# Invariant Mass - Invariant Mass Vs. Rest Mass

Invariant Mass Vs. Rest Mass

The invariant mass of a system may be greater than sum of rest masses of its separate constituents. For example, rest mass and invariant mass are zero for individual photons even though they may add mass to the invariant mass of systems. For this reason, invariant mass is in general not an additive quantity (although there are a few rare situations where it may be, as is the case when massive particles in a system without potential or kinetic energy can be added to a total mass).

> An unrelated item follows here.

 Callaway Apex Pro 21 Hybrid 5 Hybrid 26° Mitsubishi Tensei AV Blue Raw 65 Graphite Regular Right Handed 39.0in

Consider the simple case of two-body system, where object A is moving towards another object B which is initially at rest (in any particular frame of reference). The magnitude of invariant mass of this two-body system (see definition below) is different from the sum of rest mass (i.e. their respective mass when stationary). Even if we consider the same system from center-of-momentum frame, where net momentum is zero, the magnitude of the system's invariant mass is not equal to the sum of the rest masses of the particles within it.

The kinetic energy of such particles and the potential energy of the force fields increase the total energy above the sum of the particle rest masses, and both terms contribute to the invariant mass of the system. The sum of the particle kinetic energies as calculated by an observer is smallest in the center of momentum frame (again, called the "rest frame" if the system is bound).

They will often also interact through one or more of the fundamental forces, giving them a potential energy of interaction, possibly negative.

For an isolated massive system, the center of mass moves in a straight line with a steady sub-luminal velocity. Thus, an observer can always be placed to move along with it. In this frame, which is the center of momentum frame, the total momentum is zero, and the system as a whole may be thought of as being "at rest" if it is a bound system (like a bottle of gas). In this frame, which always exists, the invariant mass of the system is equal to the total system energy (in the zero-momentum frame) divided by c2.